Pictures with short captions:
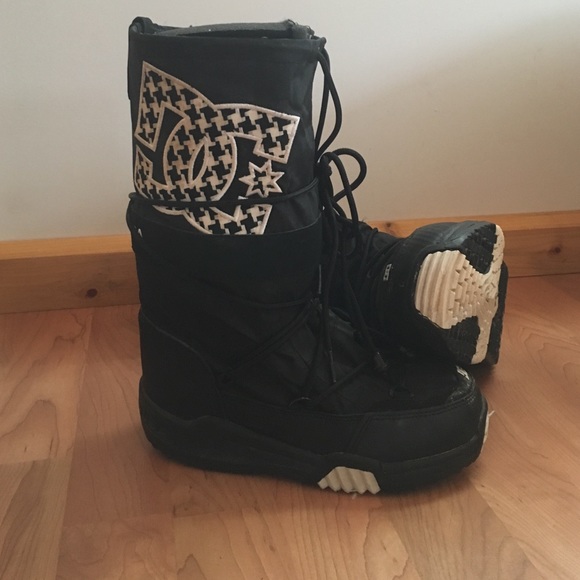 DC moon boot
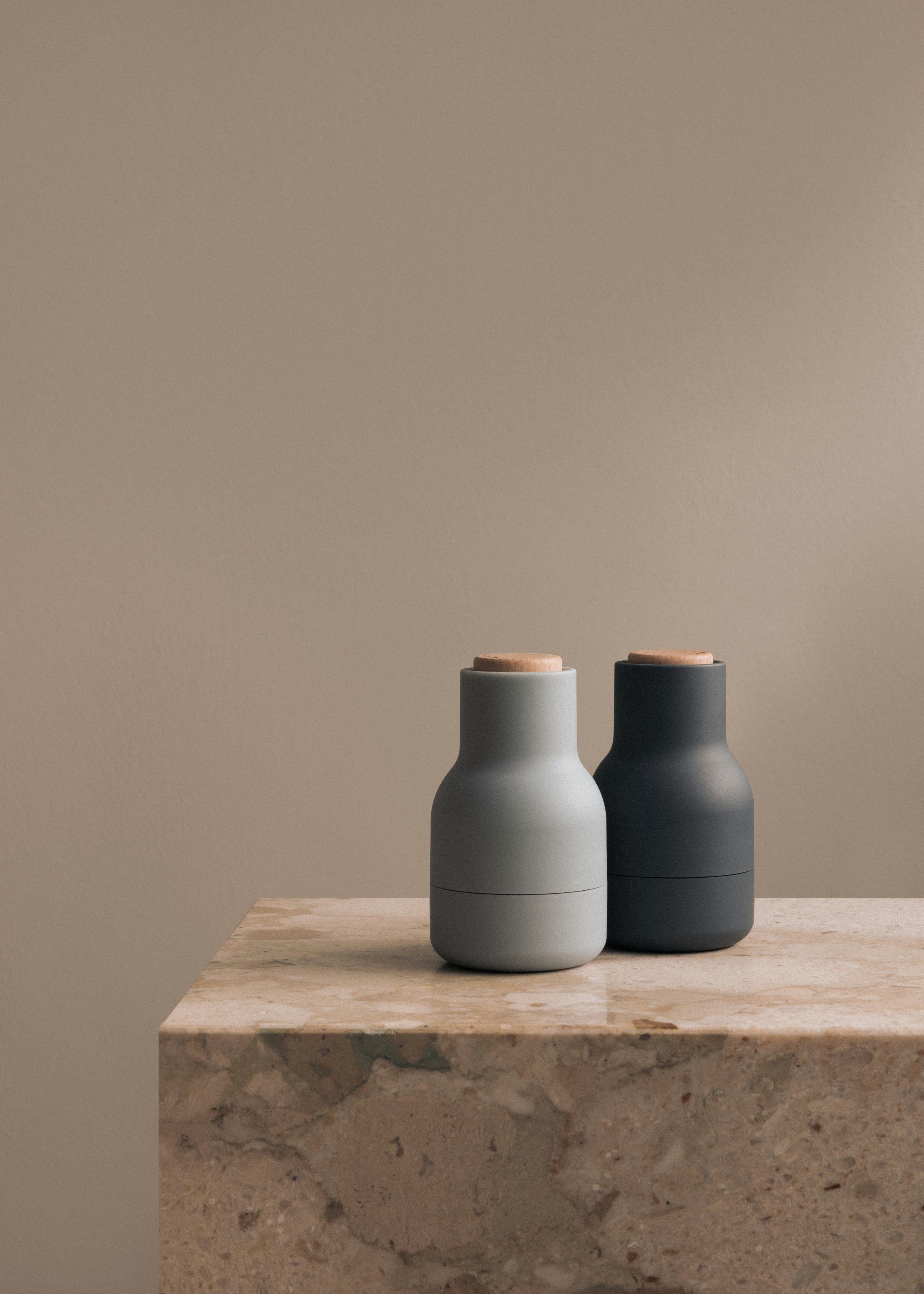 Audo Salz-/Pfeffermühle Audo - Bottle Grinder Salz- und Pfeffermühle Small Ash/Carbon Buche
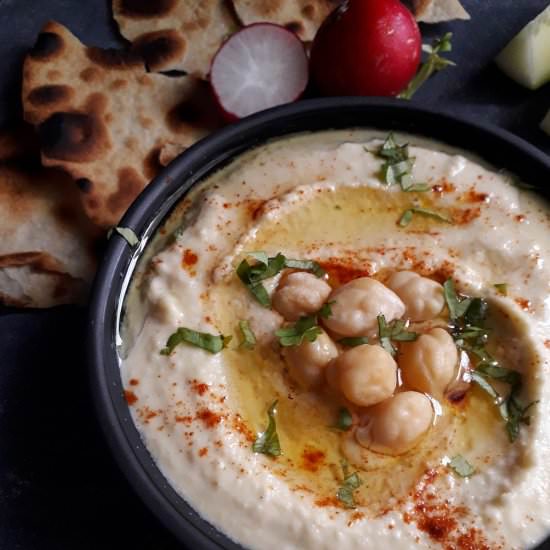 Hummus - Recipe photo by chilliesandlime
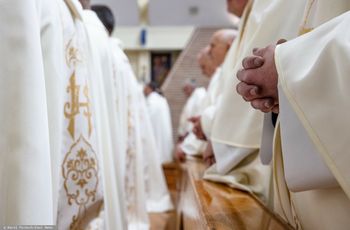 Kościół podał dane za 2024 rok. Coraz mniej księży i przyjętych bierzmowań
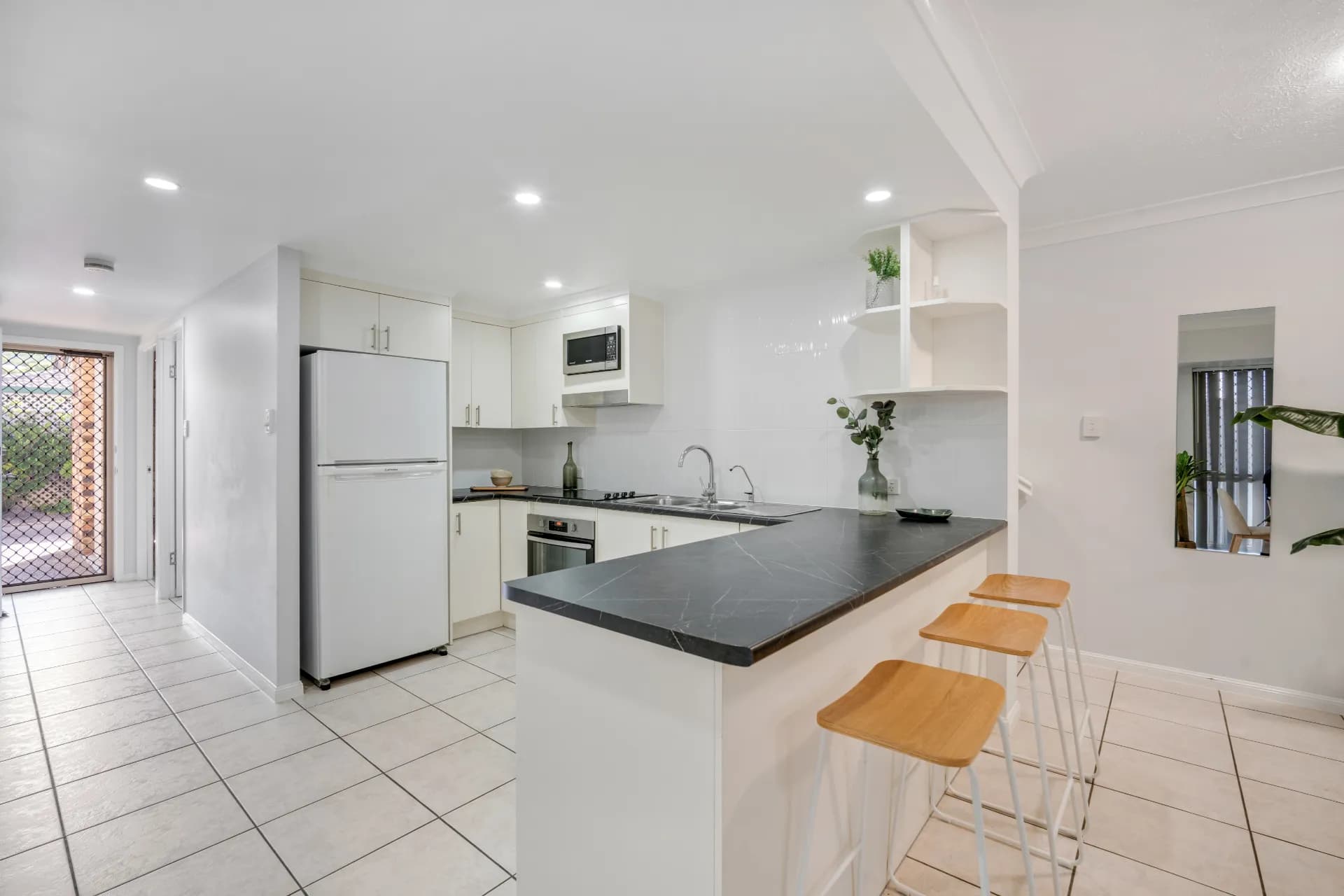 5/7 Rose Street, North Ward., North Ward - Thumbnail 4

● **EXERCISE**: Please leave out the pictures while you copy exactly the lines from the one containing "Kościół podał dane" through the end of the records.

● **EXPECTED OUTPUT**:
 Kościół podał dane za 2024 rok. Coraz mniej księży i przyjętych bierzmowań
 5/7 Rose Street, North Ward., North Ward - Thumbnail 4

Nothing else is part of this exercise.